Join Date: May 2003
Systema Semiar with Vladimir Vasiliev, Part 3
Review of Systema Seminar with Vladimir Vasiliev
Saturday and Sunday, June 28th and 29th, 2003
New York City, New York
by Alex Loglia
PERSONAL PROTECTION/BODYGUARD WORK
The final session on Sunday was the personal protection/bodyguard work.
We began with a very simple exercise of pairing up and practicing walking around a stationary person. Vasiliev explained that it was very important to be able to move smoothy and quickly around the client, without interfering with him. We then continued this exercise, except with the "client" walking, with the other person trying to walk around the client smoothy and without getting in his way. The next exercise had us in groups of two, with one person as the client. The bodyguard was to face in the same direction as the client, and practice moving around the client from front to back and back to front as smoothly and quickly as possible. To explain, if the bodyguard is standing directly behind the client, and both are facing in the same direction, the bodyguard sidesteps with his right foot to step to the right of the client to pop out as his side, and then sidestep around the client with his left foot to end up directly in front of the client. The same type of movement is then used to step off to the clients left and then back behind him.
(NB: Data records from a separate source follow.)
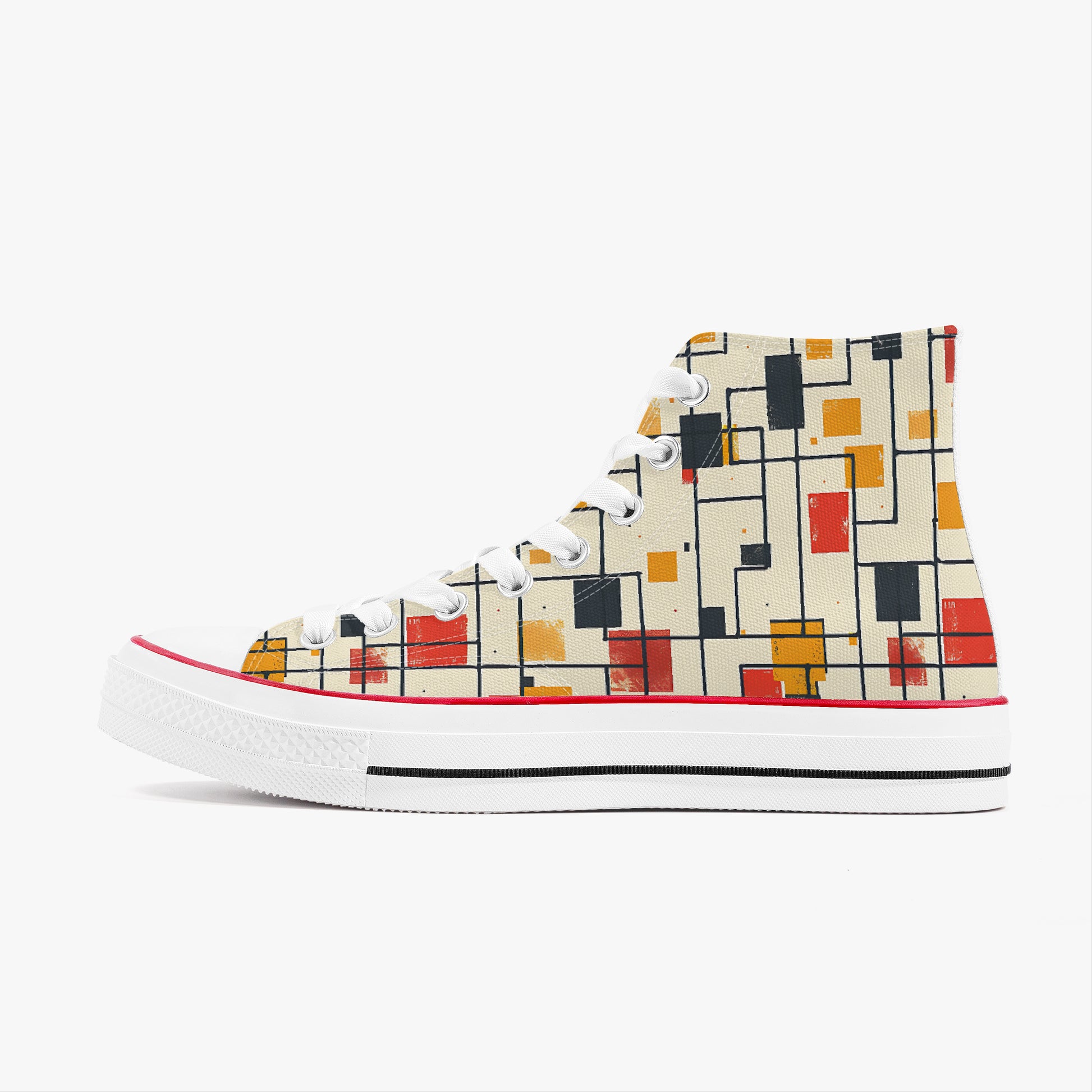 Sneaker with a geometric pattern on a white background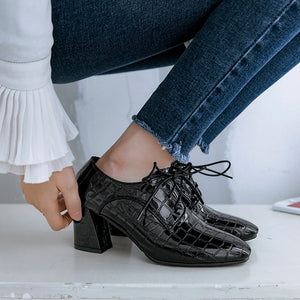 Women's String Tie Crocodile Print Design Patent Leather Pump Heels - Ailime Designs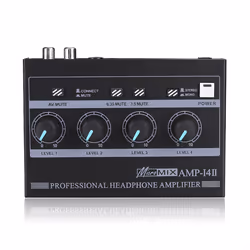 AMPâI4â¡ Professional 4 Channel Headphone Amplifier EU Plug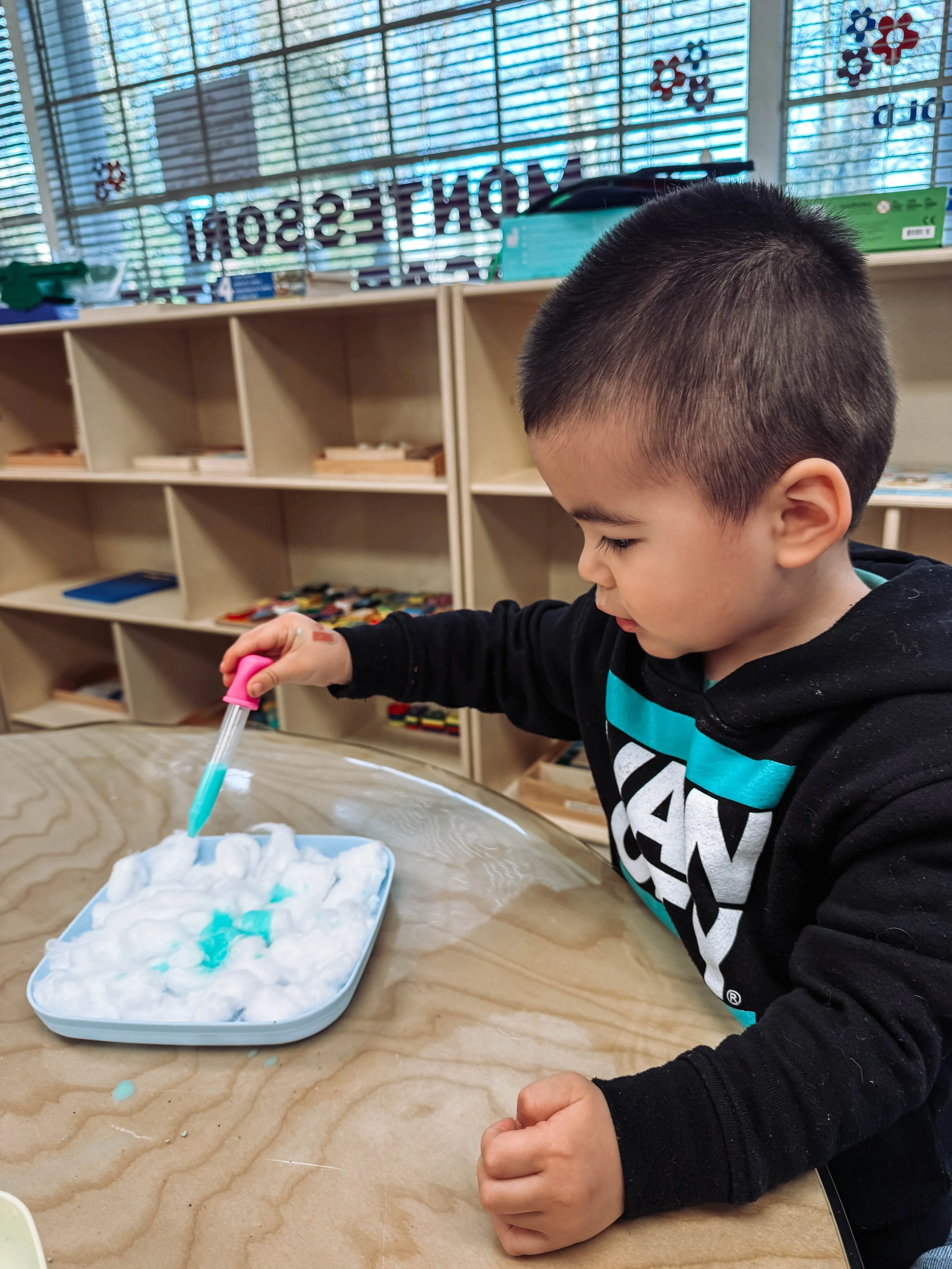 Young boy using a pipette to transfer blue liquids into cotton balls on a tray in a classroom setting.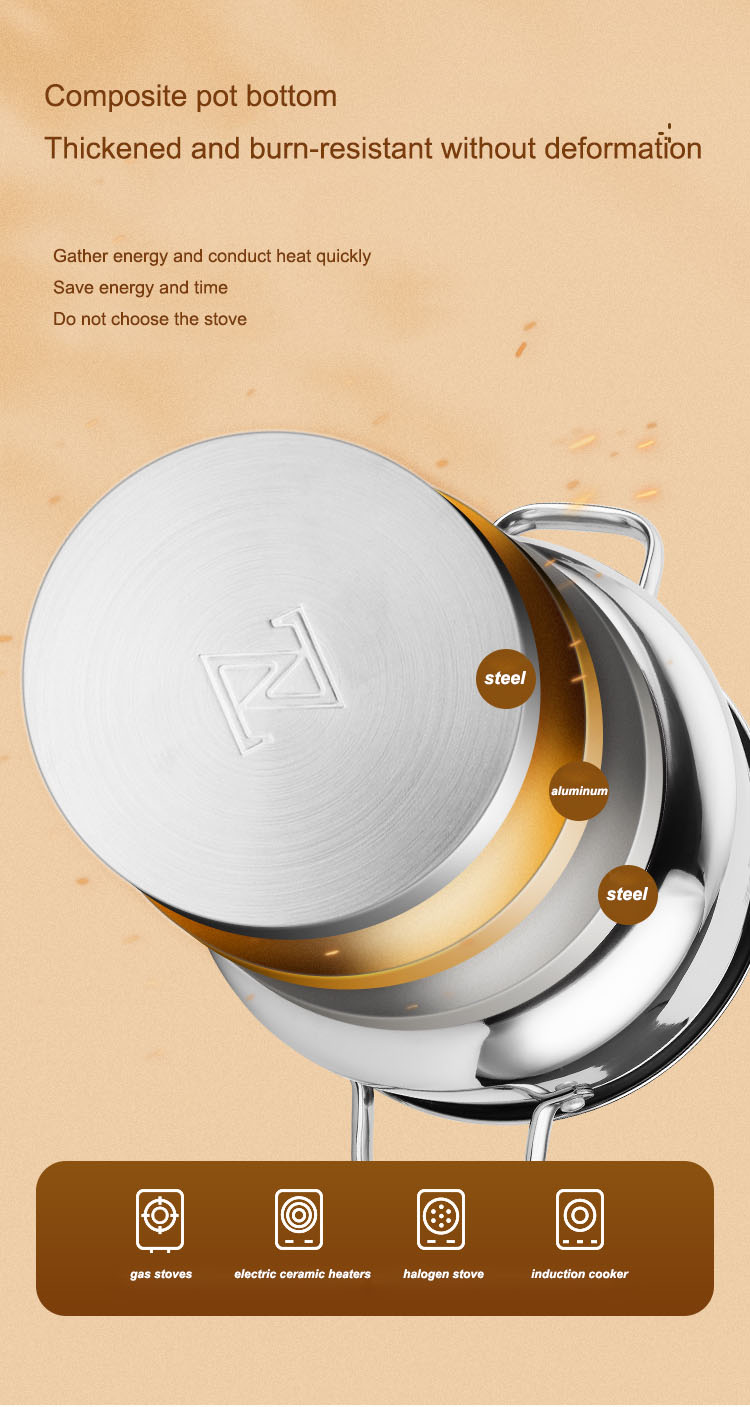 优质多功能炊具 22厘米不锈钢汤锅带蒸笼 制造商 | ZHENNENG 18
At first, these movements were done on a one-two count, but then with a little practice, I was able to shift from front to back on a one count.
We then broke up into groups of four, with two "bodyguards" and one client. The two bodyguards would stand next to each other behind the client, the threat would approach, and the two bodyguards would slip out from behind the client to out in front of him and in-between the client and the threat. Again, with practice, this exercise became very smooth.
Next we set up to lines of people about two meters apart, with the two lines facing each other. The bodyguard would walk client between these lines from one end to the other, while the people in the two lines would try ot grab the client. The bodyguard's job was to keep the people from touching the client by moving their hands away, or moving the client. This was not so easy. The problem I noticed was the body guard's tendency to get focused on the person he was dealing with at the moment, and while he attended to that interaction, others were coming in and touching the client. The exercise required practicing keeping your gaze relaxed and using full peripheral vision, and not getting preoccupied with any one person reaching for the client.
An exercise was introduced with tennis balls. I stood with my partner a couple of meters apart, and we started simply by tossing the ball to each other and catching it with one hand. After this, we were instructed to not look at the ball as it was thrown to us, but only use our peripheral vision. Once I got comfortable with this, me and my partner also tried doing this throwing balls at each other at the same time without looking directly at each other. This was a very good exercise, but also not so easy. It really forced me to work on my peripheral vision.
Next we practiced moving the client around us while standing still. We stood still, and we moved the client around us in a circle using only their arm, as gently and as smoothly as possible. This entailed passing the client to my left, grabbing his left arm with my right hand, and passing his left arm from my right to my left hand, then getting his right arm with my right hand as he passed by in front, then grabbing his right arm with my left hand and passing him behind me , grabbing his right arm with my right hand behind me, pulling him around to my front and grabbing his left arm with my left hand, and pulling across the front again. We practiced moving the client around in both clockwise and counterclockwise directions. After we logged some time doing this, we got into groups of threes. The bodyguard stood behind the client, and the threat approached from the front. The bodyguard had to practice moving the client quickly to the side and behind him before the threat could reach the client.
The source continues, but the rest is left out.